Таким же золотым, мечтательным, летним настроением полны четыре луврские картины Перуджино: идиллия в стиле Теокрита — «Аполлон и Марсий», маленький, изящный «Св. Себастьян», создание его последних лет, и две более ранние картины; на одной из них, написанной в небесно-голубых тонах, изображена мадонна, окруженная воинами и святыми, мечтающими о чем-то в сияющий летний полдень. И, наконец, «Св. Себастьян» в рост, обрамленный полукружием арки, ведущей прямо в рай! Как далек этот человек, обитающий в раю, господствующий над природой, возвышающийся над горизонтом, подобно гигантскому монументу, от той ничтожной роли, которую отведут ему художники плейера, растворившие человеческую фигуру в бесконечности природы. И именно это господство человека над окружающим его миром делает картины Перуджино особенно значительными и нужными, несмотря на то, что во многом они довольно слабы, как, например, фрески в Камбио в Перудже. Это относится даже к худшей из них, с изображением двух прелестных женщин, роль которых была бы для нас неясна, если бы не изображенные рядом надписи, обозначающие их символический смысл: «Сила воли» и «Умеренность». Внизу на земле стоят томные, красивые и мечтательные рыцари и герои, в чьем облике никак нельзя разгадать воплощение этих прославленных добродетелей, хотя они величественно, подобно колоннам, возвышаются над обширным пейзажем.

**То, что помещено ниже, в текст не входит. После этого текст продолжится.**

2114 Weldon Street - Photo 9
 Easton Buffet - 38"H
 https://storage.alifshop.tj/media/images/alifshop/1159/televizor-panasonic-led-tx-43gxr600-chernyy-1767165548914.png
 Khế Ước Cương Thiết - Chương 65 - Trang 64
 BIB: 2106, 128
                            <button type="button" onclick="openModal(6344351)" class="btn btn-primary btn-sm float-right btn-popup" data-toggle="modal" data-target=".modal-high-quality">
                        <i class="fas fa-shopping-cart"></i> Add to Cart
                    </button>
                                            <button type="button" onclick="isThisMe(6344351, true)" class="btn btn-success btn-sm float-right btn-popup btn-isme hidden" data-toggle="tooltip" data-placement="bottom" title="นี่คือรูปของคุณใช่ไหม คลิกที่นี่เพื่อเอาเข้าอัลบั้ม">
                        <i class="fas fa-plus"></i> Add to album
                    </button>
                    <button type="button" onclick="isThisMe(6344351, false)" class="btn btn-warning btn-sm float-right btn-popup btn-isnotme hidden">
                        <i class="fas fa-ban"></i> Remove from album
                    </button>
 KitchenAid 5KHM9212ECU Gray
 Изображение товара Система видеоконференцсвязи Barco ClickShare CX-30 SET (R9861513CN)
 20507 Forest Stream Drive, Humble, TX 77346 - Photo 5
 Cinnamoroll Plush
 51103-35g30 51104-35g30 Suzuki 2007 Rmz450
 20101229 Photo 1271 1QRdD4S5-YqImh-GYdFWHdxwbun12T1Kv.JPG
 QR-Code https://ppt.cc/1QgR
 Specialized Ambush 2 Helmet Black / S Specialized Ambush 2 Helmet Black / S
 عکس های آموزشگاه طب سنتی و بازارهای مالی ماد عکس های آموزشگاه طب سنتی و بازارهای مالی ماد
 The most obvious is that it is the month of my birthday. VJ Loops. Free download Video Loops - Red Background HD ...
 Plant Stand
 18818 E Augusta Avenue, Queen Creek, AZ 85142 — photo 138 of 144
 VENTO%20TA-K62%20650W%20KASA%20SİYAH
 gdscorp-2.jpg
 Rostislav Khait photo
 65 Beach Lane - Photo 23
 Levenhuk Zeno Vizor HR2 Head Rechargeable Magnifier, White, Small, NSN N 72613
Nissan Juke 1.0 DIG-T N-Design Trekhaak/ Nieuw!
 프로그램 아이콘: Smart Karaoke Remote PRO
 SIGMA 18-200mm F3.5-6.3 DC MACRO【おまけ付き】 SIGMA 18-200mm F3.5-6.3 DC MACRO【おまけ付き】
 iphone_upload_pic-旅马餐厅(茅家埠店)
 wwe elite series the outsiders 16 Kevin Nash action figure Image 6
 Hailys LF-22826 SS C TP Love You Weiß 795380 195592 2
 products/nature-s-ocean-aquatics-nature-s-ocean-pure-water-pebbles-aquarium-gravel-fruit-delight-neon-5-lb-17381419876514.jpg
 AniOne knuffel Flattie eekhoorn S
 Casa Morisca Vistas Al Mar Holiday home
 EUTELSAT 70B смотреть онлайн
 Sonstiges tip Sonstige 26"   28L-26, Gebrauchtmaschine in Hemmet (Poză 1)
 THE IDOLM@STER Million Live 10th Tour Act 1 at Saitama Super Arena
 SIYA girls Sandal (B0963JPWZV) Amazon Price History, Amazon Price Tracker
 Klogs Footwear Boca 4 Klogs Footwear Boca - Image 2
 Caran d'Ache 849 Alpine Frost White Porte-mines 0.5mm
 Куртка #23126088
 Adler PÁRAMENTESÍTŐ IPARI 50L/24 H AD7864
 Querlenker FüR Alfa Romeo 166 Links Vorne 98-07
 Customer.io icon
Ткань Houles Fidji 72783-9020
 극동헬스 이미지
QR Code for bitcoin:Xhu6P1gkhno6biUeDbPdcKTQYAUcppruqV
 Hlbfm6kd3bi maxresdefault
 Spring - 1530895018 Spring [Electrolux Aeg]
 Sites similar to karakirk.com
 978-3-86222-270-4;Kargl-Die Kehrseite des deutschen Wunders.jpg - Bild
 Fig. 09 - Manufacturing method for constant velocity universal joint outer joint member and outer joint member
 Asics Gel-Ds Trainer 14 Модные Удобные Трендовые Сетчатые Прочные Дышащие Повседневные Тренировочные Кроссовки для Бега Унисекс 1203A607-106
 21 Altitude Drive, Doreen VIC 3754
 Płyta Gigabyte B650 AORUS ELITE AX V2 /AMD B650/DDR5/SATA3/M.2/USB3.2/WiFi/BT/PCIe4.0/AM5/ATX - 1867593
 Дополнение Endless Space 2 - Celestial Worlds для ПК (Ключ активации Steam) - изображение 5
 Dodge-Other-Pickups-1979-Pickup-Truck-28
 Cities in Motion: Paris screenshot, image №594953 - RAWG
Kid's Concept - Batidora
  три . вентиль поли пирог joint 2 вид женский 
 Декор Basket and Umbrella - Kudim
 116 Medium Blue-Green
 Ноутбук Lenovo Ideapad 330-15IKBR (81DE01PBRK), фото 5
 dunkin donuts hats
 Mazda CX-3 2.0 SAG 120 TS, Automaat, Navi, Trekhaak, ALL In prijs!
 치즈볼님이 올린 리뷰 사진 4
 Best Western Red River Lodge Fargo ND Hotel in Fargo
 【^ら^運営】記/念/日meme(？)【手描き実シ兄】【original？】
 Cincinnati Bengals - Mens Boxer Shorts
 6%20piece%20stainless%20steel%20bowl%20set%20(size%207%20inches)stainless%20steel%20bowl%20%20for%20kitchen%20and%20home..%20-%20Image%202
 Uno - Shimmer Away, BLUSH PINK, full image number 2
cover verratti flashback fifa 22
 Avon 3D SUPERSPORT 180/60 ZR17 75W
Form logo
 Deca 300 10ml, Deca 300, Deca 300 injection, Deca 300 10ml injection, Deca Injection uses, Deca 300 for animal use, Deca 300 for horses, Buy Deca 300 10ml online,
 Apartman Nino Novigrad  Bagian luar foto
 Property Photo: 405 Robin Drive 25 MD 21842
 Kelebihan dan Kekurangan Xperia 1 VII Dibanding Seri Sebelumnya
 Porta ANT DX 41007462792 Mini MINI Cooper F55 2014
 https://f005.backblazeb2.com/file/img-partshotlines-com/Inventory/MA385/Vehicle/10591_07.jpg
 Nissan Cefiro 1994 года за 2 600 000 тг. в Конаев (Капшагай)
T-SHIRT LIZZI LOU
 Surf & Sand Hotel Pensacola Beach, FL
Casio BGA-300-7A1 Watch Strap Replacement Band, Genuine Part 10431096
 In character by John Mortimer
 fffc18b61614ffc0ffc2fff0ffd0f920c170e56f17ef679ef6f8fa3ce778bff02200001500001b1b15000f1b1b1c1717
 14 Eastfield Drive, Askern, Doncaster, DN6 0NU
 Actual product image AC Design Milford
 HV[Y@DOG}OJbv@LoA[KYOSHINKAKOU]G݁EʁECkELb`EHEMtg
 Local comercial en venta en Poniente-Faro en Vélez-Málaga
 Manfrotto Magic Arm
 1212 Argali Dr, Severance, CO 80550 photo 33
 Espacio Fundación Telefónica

Гораздо лучше, несмотря на несколько мрачные синие тона, триптих Перуджино (Лондон, Национальная галерея) с его сочным, золотым колоритом, где дева Мария, поклоняющаяся младенцу, словно господствует над окружающим ее пейзажем с высокими небесами, с поющими в них ангелами, чьи фигуры образуют подобие небесной апсиды незримого воздушного храма.
В чем заключались бы смысл и ценность картины «Явление Девы святому Бернарду» (Мюнхен), если бы не магическая сила ее пространственного дыхания, если бы не далекие виды умбрийской долины, обрамленной сводами арки?
Что так неуклонно направляет ваши шаги к «Распятию» Перуджино в церкви Сайта Мария Маддалена деи Пацци во Флоренции, если не дремлющие на горизонте дали и высокие небеса?
А теперь мы стоим лицом к лицу с самым знаменитым и любимым именем в современном искусстве — Рафаэлем Санцио. За последние пять веков бывали художники во много раз гениальнее. Микеланджело более велик и мощен, Леонардо более глубок и утончен. У Рафаэля вы никогда не обнаружите того сладостного ощущения жизни, как у Джорджоне, ни ее гордости и великолепия, как у Тициана и Веронезе. А я называю только итальянские имена, — сколько же еще других, если мы захотим перейти по ту сторону Альп! И ведь Рафаэль соперничает с ними только как художник-иллюстратор, ибо его нельзя поставить на один уровень с великими флорентийцами как мастера фигурной живописи. Он не расцвечивал мир лучезарными красками, подобно венецианцам. Если мерить его той же мерой, какую применяют к художникам, вроде Поллайоло или Дега, вы сразу же приговорите Рафаэля к заключению в чистилище, где царят грубо позолоченные посредственности, ибо движение и форма были так же противны его уму и темпераменту, как когда-то его далекому предшественнику Дуччо.